Vous avez récemment participé à un ouvrage collectif visant à réhabiliter les littératures lesbiennes et ses plus fidèles représentantes en France de 1900 à nos jours. Qu’est-ce qui vous a décidé à prendre part à ce projet ?
Camille Islert : J’ai été contactée par Aurore Turbiau, qui travaille plus spécifiquement que moi sur ces questions, et qui cherchait des spécialistes d’autres moments et d’autres genres littéraires que ceux sur lesquels elle travaille afin d’établir un panorama des écrits lesbiens publiés en France aux XXe et XXIe siècles. L’ouvrage devait permettre de poser des jalons, de permettre une connaissance à la fois basique et un peu approfondie, et d’ouvrir des pistes de réflexions pour de futurs ouvrages. En fait, de poser un constat central : la littérature lesbienne existe, elle pose des questions particulières sur la littérature générale, elle mérite d’être mieux connue et considérée comme un objet d’étude cohérent. J’ai suivi le projet parce qu’il me semblait essentiel de faire ces constats de base, de rappeler aussi les processus d’invisibilisation à l’œuvre depuis 1900, qui participent à priver les premières concernées de leur histoire littéraire, et donc de leur histoire tout court, mais aussi à faire oublier le rôle que jouent ces œuvres dans l’évolution plus large de la littérature.
Quelles définitions donneriez-vous des littératures lesbiennes ?

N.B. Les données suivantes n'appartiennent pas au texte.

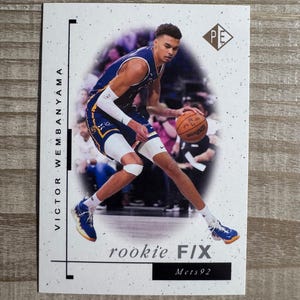 Cartes Prospector's Edge 2023 Victor Wembanyama Rookie F/X Rookie - Metropolitans 92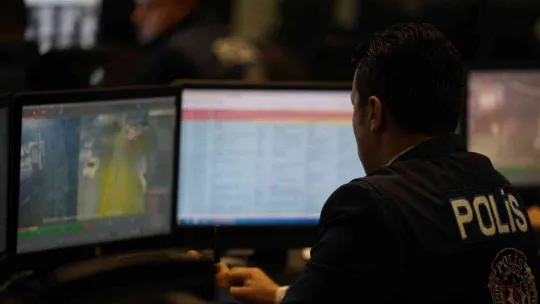 Ankara'da yılbaşı tedbirleri KGYS Merkezinden izleniyor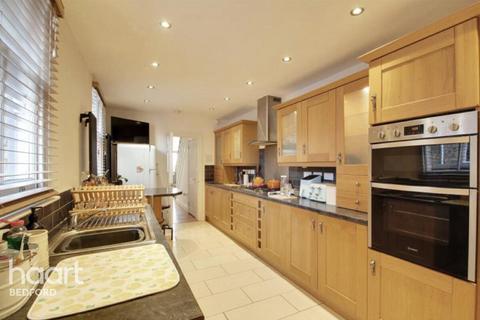 3 bedroom terraced house to rent, Hardwick Road, BEDFORD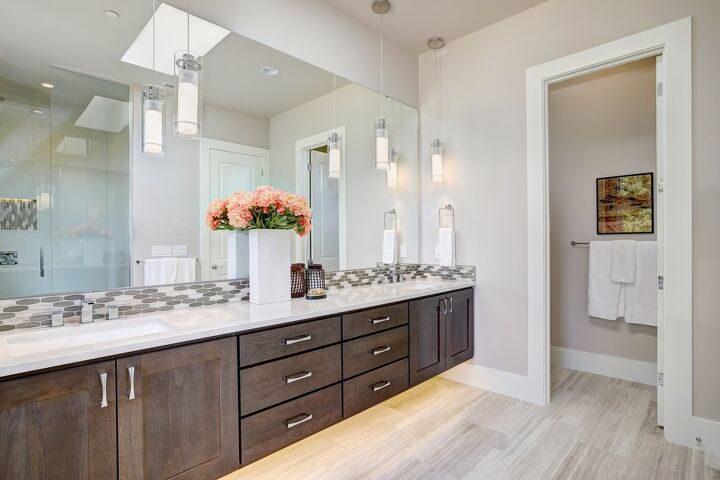 Can You Put Engineered Hardwood In A Bathroom? (Find Out Now!)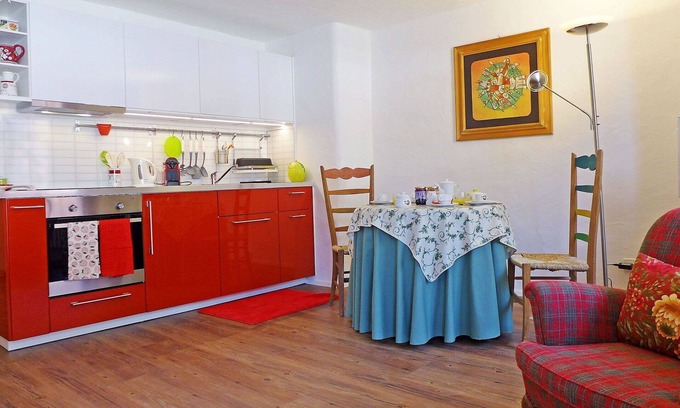 Bever Apartment | Lovely apartment for 2 people with WIFI, TV, patio and panoramic view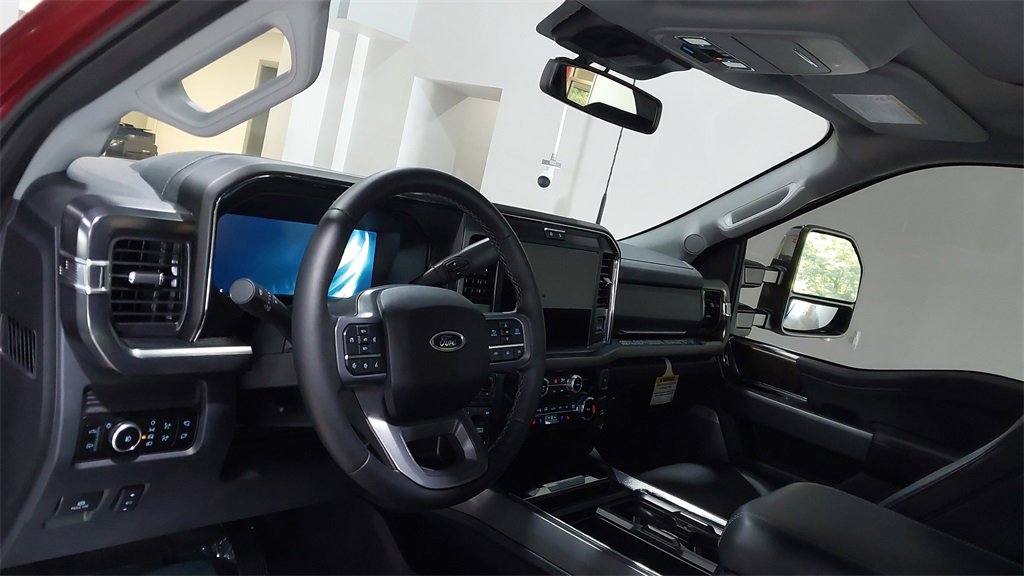 Used 2025 Ford F250 Lariat w/ Chrome Package image 19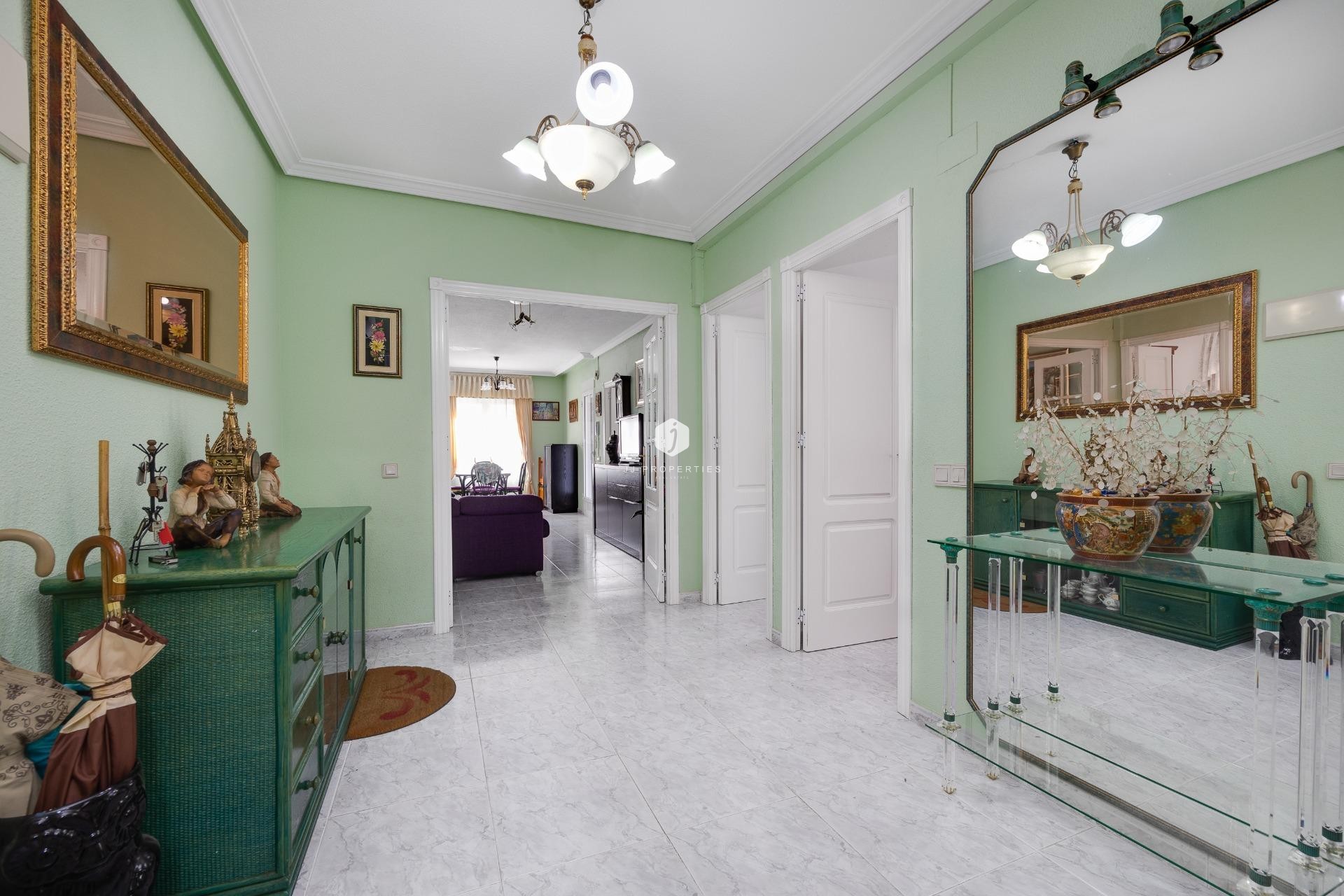 Resale - Apartment / flat -
Torrevieja - Antonio Machado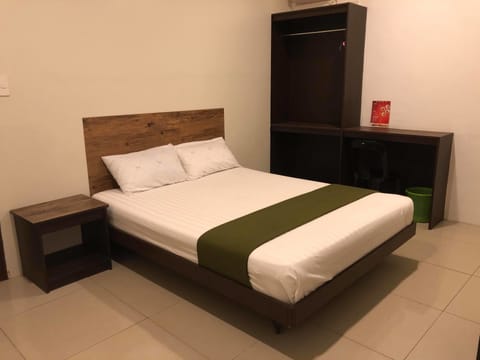 Standard Room | 1 bedroom, desk, bed sheets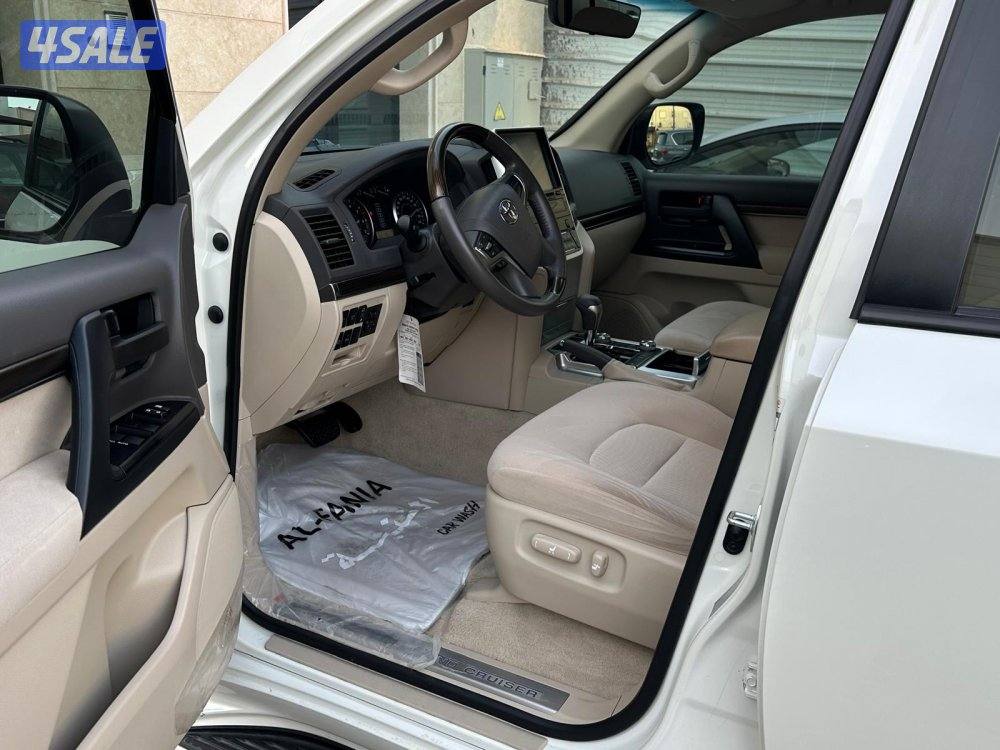 لاندكروزر  GXR4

Camille Islert : C’est une question compliquée à laquelle nous avons tenté de répondre en introduction plutôt par le négatif, à savoir, qu’est-ce que les littératures lesbiennes ne sont pas. En effet, il est difficile de poser des limites rigides à « une littérature lesbienne », d’où aussi le pluriel du titre : est-ce que c’est le fait que ça parle de femmes qui s’aiment ? non, parce qu’alors il faudrait inclure tout un tas d’écrits sans se soucier de l’auteur ou de l’autrice, sans se soucier non plus du regard fétichisant ou non qui est porté sur le lesbianisme, et inversement il faudrait exclure des œuvres qui ne parlent pas explicitement d’amour entre femmes, lorsque cela n’empêche pas le lesbianisme – qui n’est pas qu’une affaire d’amour entre femmes – d’être présent d’une autre manière. Est-ce que c’est le fait que ce soit écrit par des autrices lesbiennes ou bisexuelles ? Ça ne marche pas non plus, parce que certaines autrices lesbiennes n’ont jamais écrit lesbien ou n’ont jamais voulu être considérées comme telles, parce que ce serait aussi ramener entièrement les productions vers le biographique, et c’est un vieux travers de la critique des œuvres de femmes que de toujours penser les œuvres comme biographiques et personnelles, parce que souvent aussi, on ne connaît pas la vie des autrices, encore moins leurs désirs (parce que la possibilité de vivre son amour pour les femmes au grand jour n’a jamais été entièrement et partout acquise). Est-ce qu’alors c’est le public qui décide ? Est-ce que c’est l’évolution de la réception ? Toutes ces questions, abordées avant nous par plusieurs chercheuses, sont très riches, et nous rappellent qu’il est vain et même contreproductif d’essayer de figer une définition : le but de l’ouvrage n’est pas d’ériger une catégorie restrictive, mais de rassembler des œuvres disparates, différentes, qui ont pour fil conducteur de donner une existence littéraire au lesbianisme. Voilà pourquoi nous avons finalement décidé de garder une définition très large et souple : une littérature qui n’est pas écrite par des hommes cisgenres (et cela pourrait se discuter, il y a des représentations – rares – émises par des hommes qui ne sont pas réifiantes ou fétichisantes, il y a des points de vue dans la catégorie « hommes » qui sont divers) et qui intègre le lesbianisme dans ses enjeux (que ces enjeux soient l’histoire, l’écriture, le point de vue, etc.)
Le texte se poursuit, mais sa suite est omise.